Что ж до того, что в середине беседы инспектор Чед приколотил ножом одному низ них ладонь к стенке камеры и час отрезал по кусочкам палец, а второму выбил половину зубов и поджарил стопу раскаленной кочергой — так не было ничего подобного, как вы могли подумать?! Они ведь не осужденные, а задержанные, умышленное их преступление сводится к сущей мелочи, законы Райнбеерга запрещают пытки в подобных случаях! Узнай я о чем-то подобном, непременно бы остановил инспектора, а не пристава, который пытался остановить инспектора, не сомневайтесь, мой лорд!
И, ни в коем случае не спрашивайте — почему граф Чед, инспектор Верховного лорда, называет пытки „особыми методами допроса“ и сбривает людям пальцы до кости так же ловко, как управляется со сметами: я и сам хотел бы это знать.
Лучше подумайте вот над чем, мой лорд: если вы не введете чрезвычайное положение и не дадите Шерпту „особые полномочия“, чтобы мы могли узаконить задним числом „особые методы допроса“ — нам придется либо вместе с инспектором отправиться под суд, либо налить по бокалу того самого вина очень многим. Не только самим торговцам, но и другим задержанным, и страже — всем, кто видел „работу“ достопочтимого господина инспектора, графа Дихана Чеда… А потом пристав — такой уж он человек, хороший человек, без лукавства — зальет бокал в глотку самому себе. Докеры, под присмотром тех, кто все это подстроил, разнесут Райнберг по бревнышку — но навряд ли вы это увидите, мой лорд, потому что до того я сам убью вас, болезный вы идиот!»
— Ну…но… раз все так уверены, вы так уверены, — костлявая, желтая, как куриная лапа, рука лорда Бека Ауна потянулась к стопке бумаги.
Случилось невозможное — с четвертого раза пристав все-таки его убедил.

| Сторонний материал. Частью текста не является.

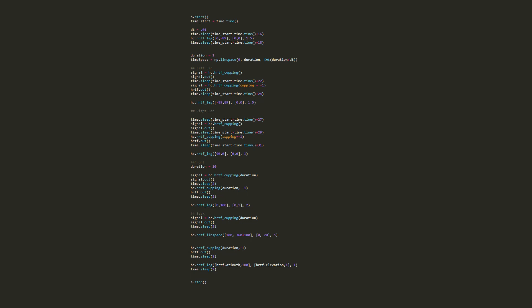Now I'm going to move to the right side of your head. It is going to sound like I am cupping it and then uncupping it. Now I'm returning to the front.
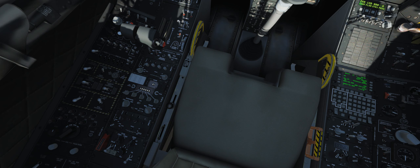Hey, what's up everybody? Bailey checking in again. This time we're going to be looking at my VoiceAttack profile for the A-10C. Let's just take a look.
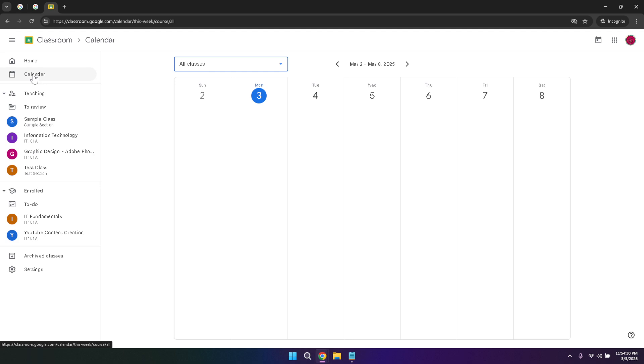You can also sync this calendar with your personal calendar app, allowing you to manage your time more efficiently across different platforms.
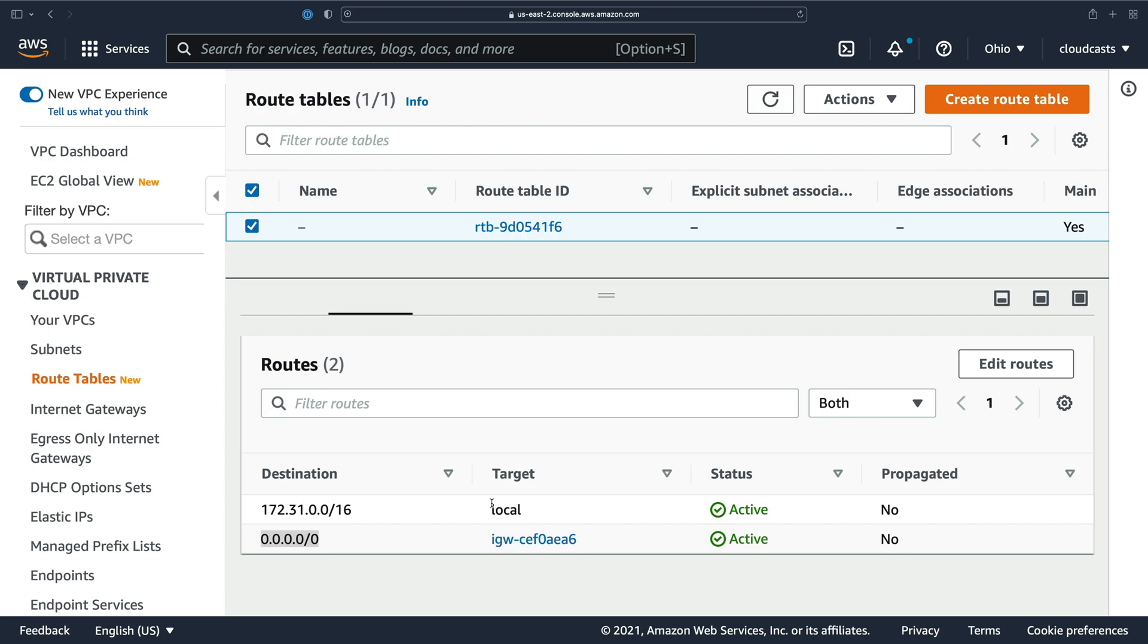We're going to be using the default VPC in this video course, which means the servers that I add here are going to be accessible from the outside internet. They're going to get assigned a public IP address. I'll show you a little bit more of that as we create resources in the upcoming videos.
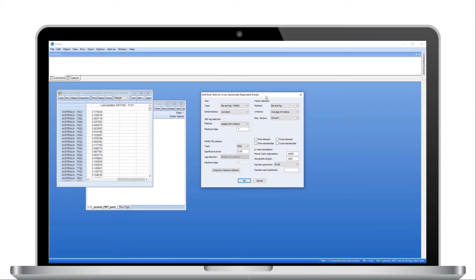The resulting dialogue has various options associated with second-generation panel unit root tests. The first of these is the contribution by Bai and Ng (2004), titled 'Panel Analysis of Non-Stationarity in Idiosyncratic and Common Components,' otherwise known as PANIC. This is widely considered the first unit root test for panel data with cross-sectional dependence. The work is motivated by the idea that non-stationarity can arise as a result of common factors, idiosyncratic components, or both.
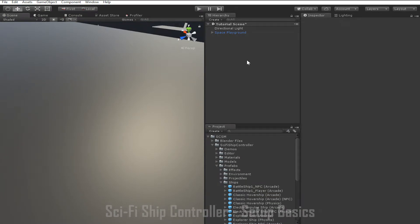First we'll start with the basic process of creating a ship. You can do this in one of two ways. The simplest way is to base it off one of our existing prefabs. In the project hierarchy we navigate to SESM, Sci-Fi Ship Controller, prefabs and ships. As you can see we have a variety of different ship prefabs set up in different configurations. Once you've found one that has somewhat similar behavior to what you'd like, you can just drag it into your scene and change the model.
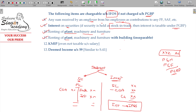Composite rent — renting of plant, machinery, and furniture together with a building on an inseparable basis — is treated under income from other sources or house property depending on the nature.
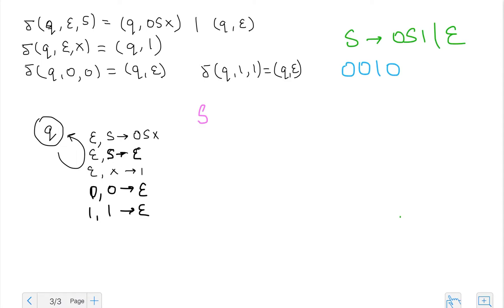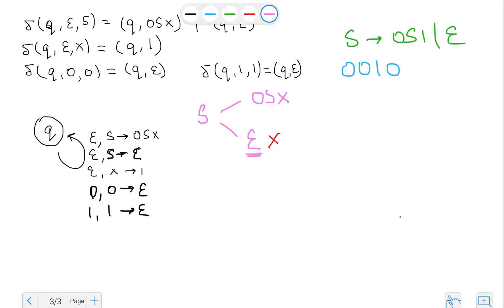From s, I could take either the first rule or the second one, so I'm going to go to either 'zero zero s x' or epsilon. In the epsilon branch, even before I ran out of my input string I hit the empty stack, and that's not an accepting condition. Acceptance by empty stack works when you've run out of input — but here I haven't even started. So this branch is rejected.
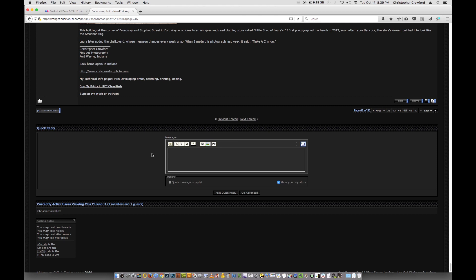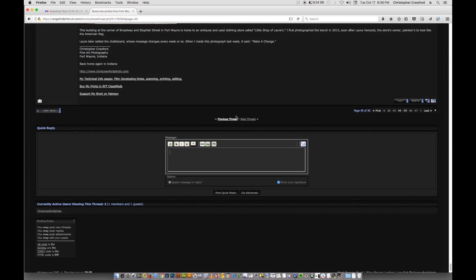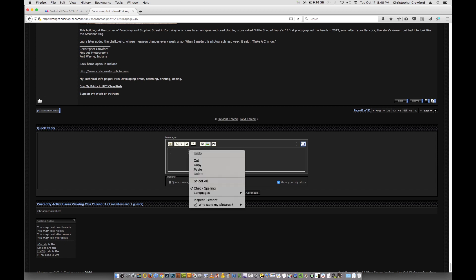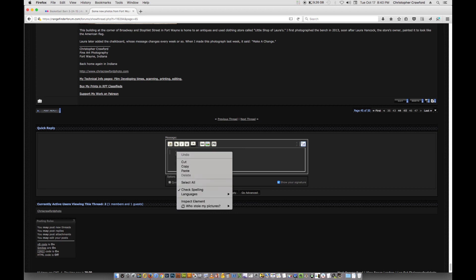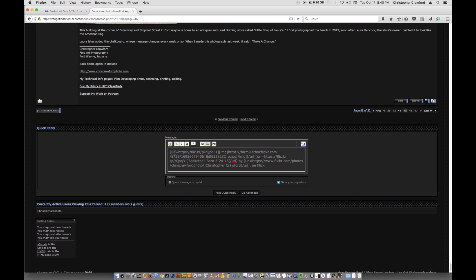In order to post the picture on the forum, instead of using the picture button that's on the forum, you don't use that to do the Flickr pictures. Instead, all you do is just paste the entire code that we copied out of Flickr into the main body of the message that you're writing, and you do that either by right-clicking and choosing Paste or by hitting Command-V on a Mac or Control-V on Windows.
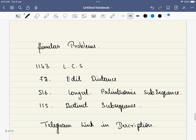I will also be discussing similar problems. I have mentioned the Telegram link in the description, so do consider joining the Telegram group. These are 4 problems having the same pattern, where either you will be adding a character or deleting a character from strings. This is one of the most commonly asked interview questions, so do practice solving this problem. Thank you for watching the video. Please do like, share, and subscribe.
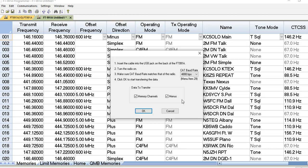It kind of dawned on me that I was correcting the frequencies, but since I had never uploaded from the radio into RT Systems, every time I rewrote to the radio I was overriding my custom menu settings I had done manually. The trick is: when you get all your frequencies programmed, use this same feature to set your menu settings and then save it to your computer.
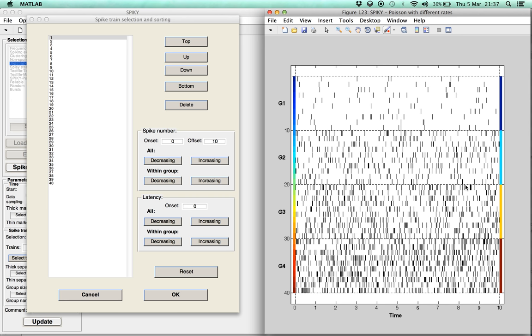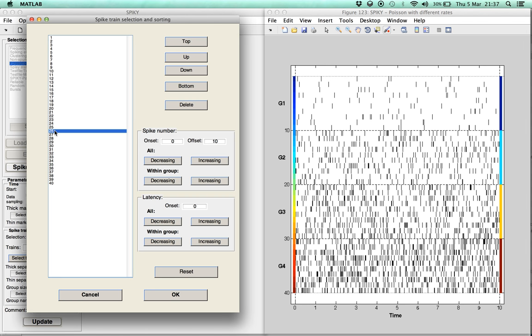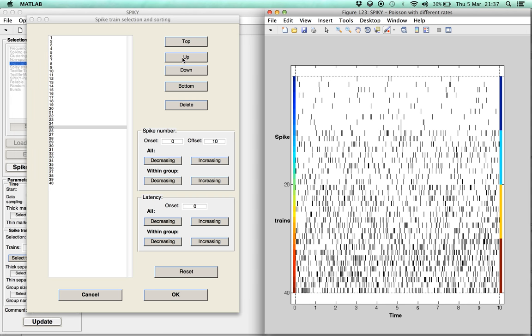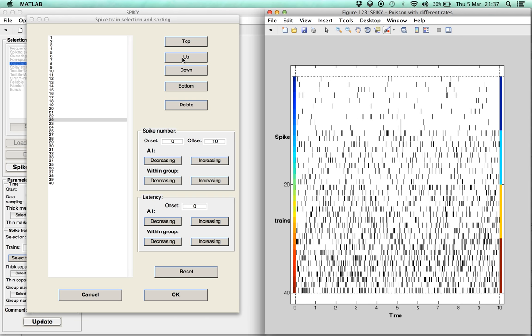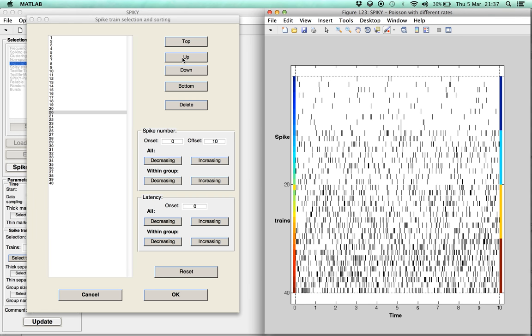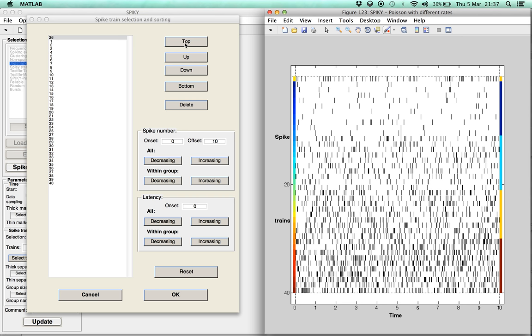In the first part, we demonstrate how the spike trains can be sorted by hand. There are a few possibilities. One is to mark individual spike trains and move them, either position by position, or directly to the top or the bottom.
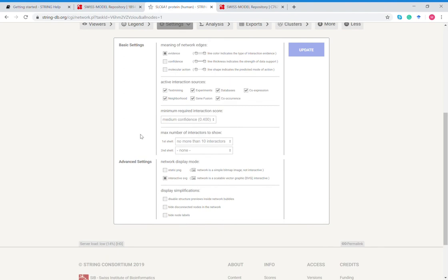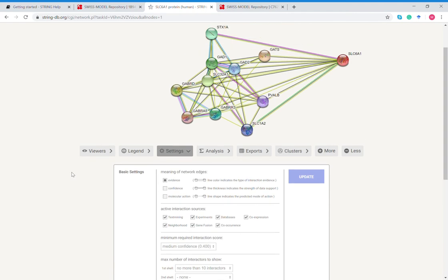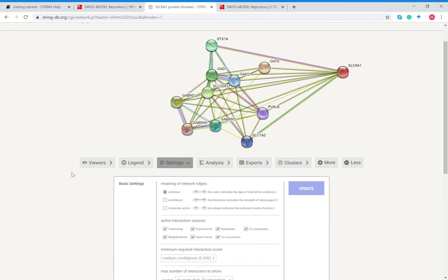Like I said, you can change this. This is default, the first shell contains no more than 10 interactors, but you can change that to 20, 50, custom value. And then the second shell you can change that as well. So potentially you could have the first shell with 50 and second shell with 5.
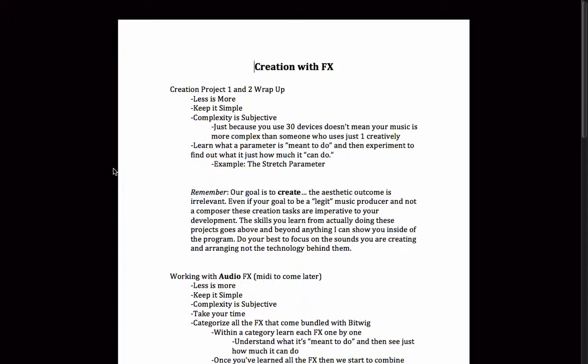Personally, I think I've learned a lot about Bitwig Studio just in those two creation projects that I completed, and also with the DJ sets and mixes that I've done, because some of those processes are monotonous and you have to repeat them over and over again. But that repetition is really helpful because you just learn it so much better and you learn it in a very personal way.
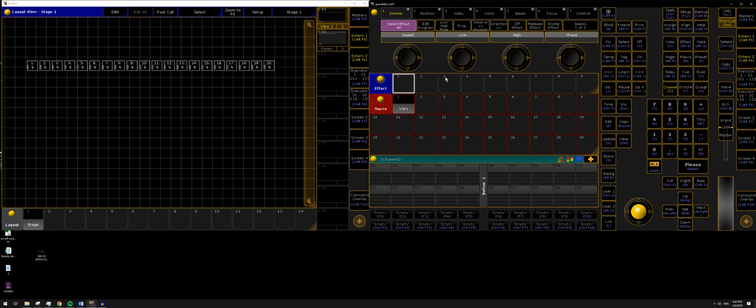So I've loaded up a bare-bones show file here. I've started by just adding an effects pool and a macro pool, and then on the left screen you can see I have a layout view with all of my patched fixtures. I've just added 20 Martin axioms for simplicity.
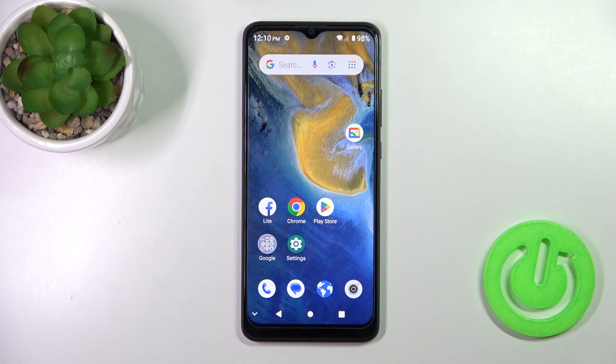Hi, today I'm with the ZTE Blade A51 and I'll show you how to check the Android version on this device.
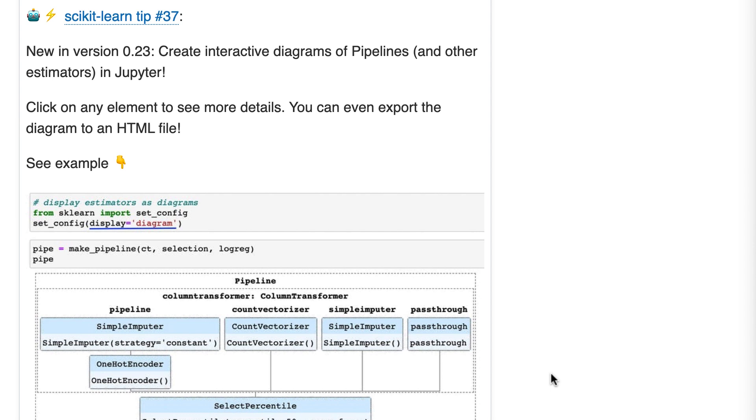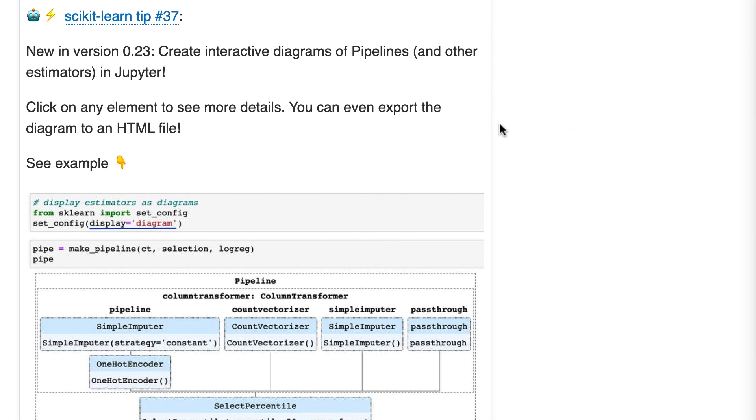Tip number 37, new in version 0.23: create interactive diagrams of pipelines and other estimators in Jupyter. You can click on any element to see more details, and you can even export the diagram to an HTML file.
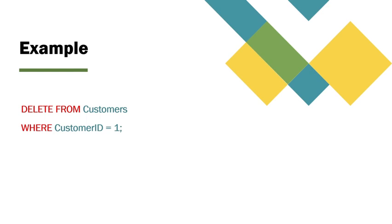As an example, to delete a customer with ID 1, you would use DELETE FROM customers WHERE customer ID equals 1.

«Браво, Шерпт!» — Вэл искоса посмотрел на пристава — и вздрогнул, встретившись с ним взглядом. Непосредственно к беспорядкам в городе подчиненные пристава, скорее всего, были непричастны: под выбитые Диханом Чедом описания «неизвестных людей в известной форме» никто их настоящих стражников не подходил. Приставскую службу просто подставили. Но старику Шерпту хватало и того, что случилось на самом деле. Его подчиненные — которым он, верный идеалам десяти поколений благородных предков, верил, как себе — крали и сбывали краденное настолько часто, что рейнбегские торгаши считали это обычным делом. А он сам вынужден был нарушать закон, дозволяя пытки, обманывать своего правителя…
На первый взгляд, пристав выглядел как обычно: невозмутим, спокоен, благороден, не по годам бодр — ни дать ни взять, породистый конь на выездке. Но смотрел Шерпт, как загнанная лошадь.
— Вэл-гьон, граф Чед просил передать — у него завтра в полдень встреча в порту со старшинами Желтых Платков, — сказал пристав, когда они с копией только что изданного указа вышли из приемной лорда. — Он считает, вам нужно присутствовать. Но я против; это грубое нарушение субординации.